Bucking fears that the Netherlands would be the next populist domino after Britain’s vote to leave the European Union and Donald Trump’s election in the United States, the Dutch turned out in record numbers on Wednesday to reject the anti-Muslim platform of the far-right candidate Geert Wilders. The Dutch election was seen as a potential bellwether for elections in France and Germany, where far-right populist parties have gained ground. But it is premature to assume the Dutch result signals the defeat of far-right populism in Europe.

The Dutch parliamentary election was a highly fractured affair, with 28 parties competing for 150 seats. It takes 76 seats to form a government. Though the final result will not be announced until Tuesday, with most of the votes already counted, Prime Minister Mark Rutte’s center-right People’s Party for Freedom and Democracy won with 33 seats. Mr. Rutte will have to seek — as is the usual case in the Netherlands — partners to form a coalition government, which could take weeks or even months.

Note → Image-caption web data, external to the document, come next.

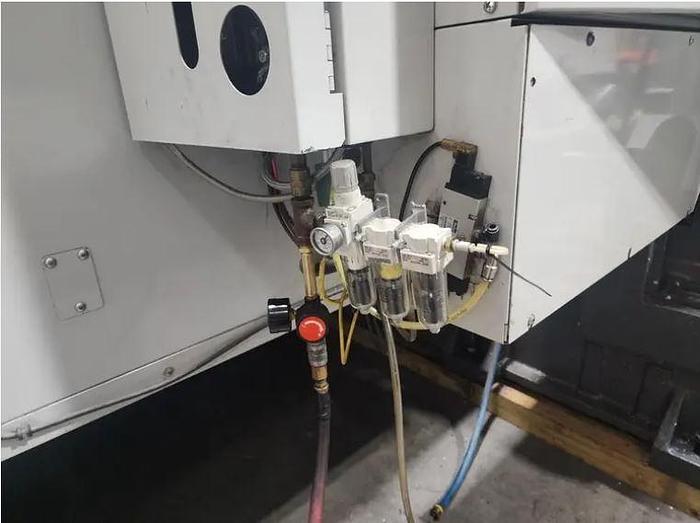 Used 2016 Haas VF-10/40 w/ 4th Axis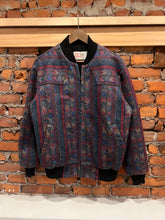 Load image into Gallery viewer, Vintage Saddle King Western Pattern Jacket (M)
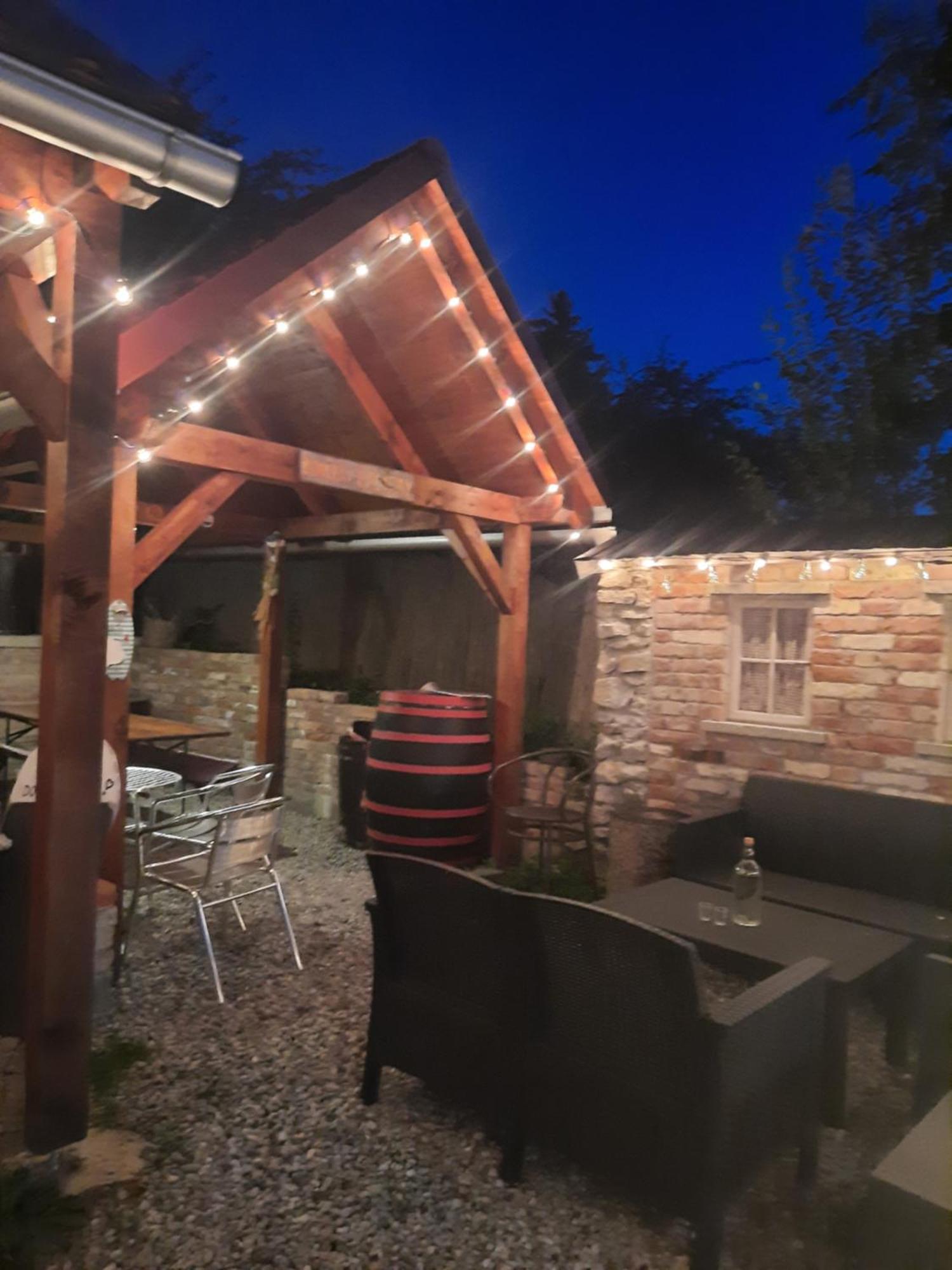 Domceky Holiday Liptovský Trnovec Exteriör bild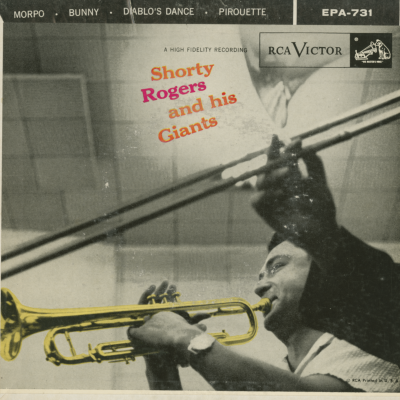 Shorty Rogers And His Giants (1956)
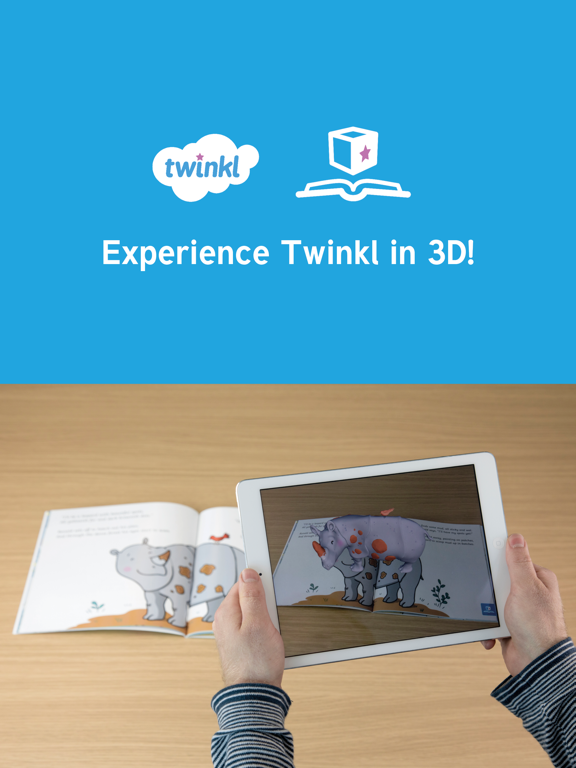 Screenshot #4 pour Twinkl AR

Mr. Rutte is likely to turn to the conservative Christian Democratic Appeal party and the center-left, pro-European Democrats 66 party, each of which won 19 seats. Even if those parties joined his coalition, he would still need at least one more party to reach 76 seats. That party could be the left-leaning, pro-European Greens, which increased their seats to 14 from just four. But, however the horse trading goes, the Netherlands looks set to form a staunchly pro-European government.

That idea has cheered European leaders. On Thursday, Chancellor Angela Merkel of Germany, which will hold its election in September, said she “was very happy that a high turnout led to a very pro-European result, a clear signal.” President François Hollande of France hailed a “clear victory against extremism.”

Still, it would be a mistake to assume the Dutch vote will translate into a defeat for Marine Le Pen and her far-right National Front party in France. While polls indicate the En Marche! candidate Emmanuel Macron will beat Ms. Le Pen in a second round of voting on May 7, polls have had a sorry track record in populist-fueled elections. They predicted a far stronger showing by Mr. Wilders, and missed the Brexit and Trump victories.

Despite his defeat, Mr. Wilders’s Party for Freedom did come in second with 20 seats, and he remains a powerful far-right provocateur. “Rutte has not seen the last of me yet!” Mr. Wilders wrote on Twitter. Nor would a defeat for Ms. Le Pen in May put an end to her movement. The Dutch vote is encouraging, but the threat of far-right populism in Europe continues.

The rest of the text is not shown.